El Ahbar: Suudiler, Suriye’ye olan kinlerinden dolayı Suriye’ye karşı Amerika’nın yanında yer alabilir mi?

Muallim: Evet bu mümkün. Suudi Arabistan, bizim Lübnan ve Irak konusundaki bağımsız durulumuzdan dolayı bize düşmanlık ediyor. Çünkü bizim politikamızın onların bölgesel nüfuzunu azalttığına inanıyor. Aynı şekilde İran ve Suriye’nin ilişkilerinin sürmesi de Riyad’ı öfkelendiriyor.

El Ahbar: Eğer süreç İran-Batı-Suudi anlaşmasına ve Lübnan ve Irak’ta Suriye-Suudi anlaşmasına doğru giderse barış ve anlaşma olur mu?

Muallim: Biz Suriye’de savaşın durması ve halkın güvenliğinin sağlanması konusunda her şeyi yapacağız.
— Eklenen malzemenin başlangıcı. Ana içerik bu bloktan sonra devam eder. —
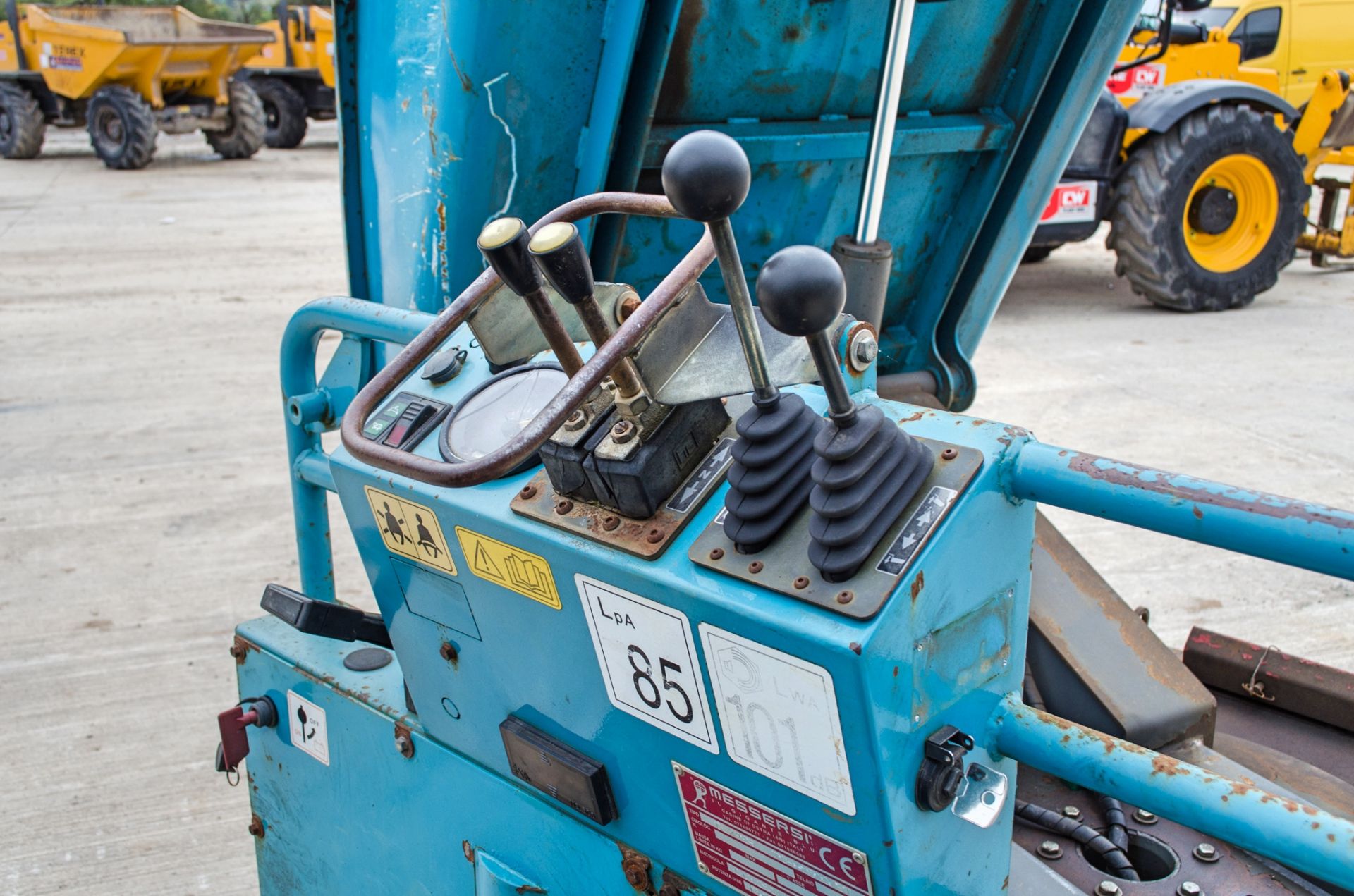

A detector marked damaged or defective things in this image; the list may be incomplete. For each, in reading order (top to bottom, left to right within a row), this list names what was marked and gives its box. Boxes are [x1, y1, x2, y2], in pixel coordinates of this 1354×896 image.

rusty handrail loop [341, 190, 720, 492]
rusted paint patch [1066, 457, 1354, 533]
Savaşın bedelini Suriye halkı ödüyor, Suriye’nin politikasını belirleyecek olan Suriye halkıdır. Suriye’nin siyasi idaresi iç kamuoyunun rızası alınmadan mümkün değildir.

Suriyeliler, mevcut savaşta Suriye’nin düşmanlarını desteklediği için Suudilere ve aynı şekilde Katar’a yönelik özel bir bakışa sahiptir.

Katar konusunda anlaşma teklifleri oldu; ama biz bunu reddettik. Katar eğer bizimle barış istiyorsa önce terörizme verdiği desteği kesmeli ve Suriye savaşını durdurmalıdır.